Abstract

Estimates of lung water content obtained from nuclear magnetic resonance (NMR) and morphometric and gravimetric measurements were compared in normal and experimentally injured rats. Average lung water density (rho H2O) was measured by an NMR technique in excised unperfused rat lungs (20 normal lungs and 12 lungs with oleic acid-induced edema) at 0 (full passive deflation) and 30 cmH2O lung inflation pressure and in vivo (4 normal rats and 8 rats with lung injury induced by oleic acid or rapid saline infusion). The rho H2O values were compared with morphometric measurements of lung tissue volume density (Vv) obtained from the same lungs fixed at corresponding liquid-instillation pressures. A close correlation was observed between rho H2O and Vv in normal and injured excised lungs [correlation coefficient (r) = 0.910, P < 0.01]. In vivo rho H2O was also closely correlated with Vv (r = 0.897, P < 0.01). The correlation coefficients between rho H2O and gravimetric lung water content (LWGr) were lower in the excised lung group (r = 0.663 and 0.692, respectively, for rho H2O at 0 and 30 cmH2O lung inflation pressure, P < 0.01) than in the in vivo study (r = 0.857, P < 0.01).
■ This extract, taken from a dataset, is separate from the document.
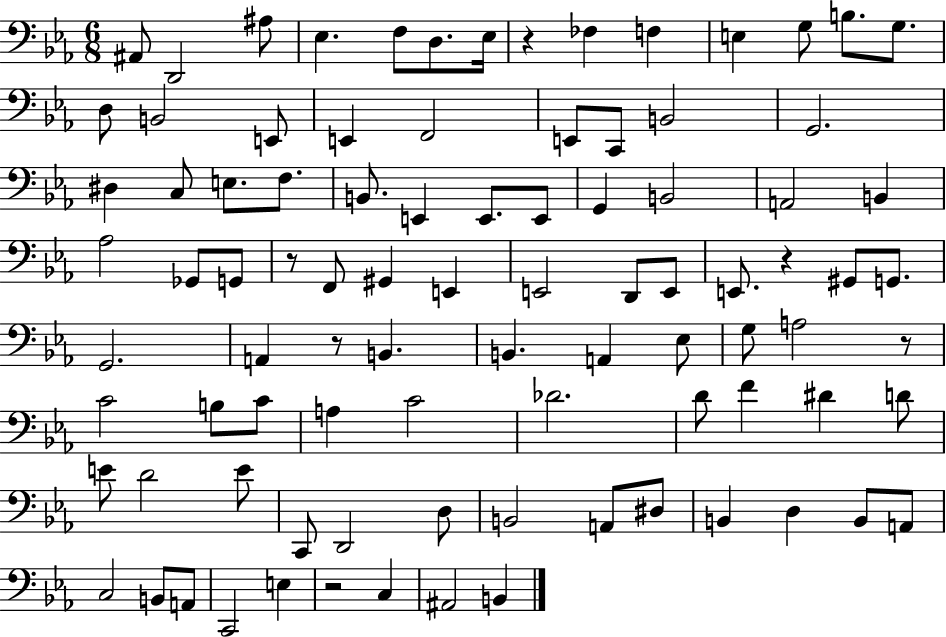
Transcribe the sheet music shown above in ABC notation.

Our results indicate that NMR techniques, which are noninvasive and nondestructive, provide reliable estimates of lung water density and that the influence of lung inflation on rho H2O is important (compared with the effect of lung water accumulation in lung injury) only in the presence of deliberately induced very large variations in the lung inflation level.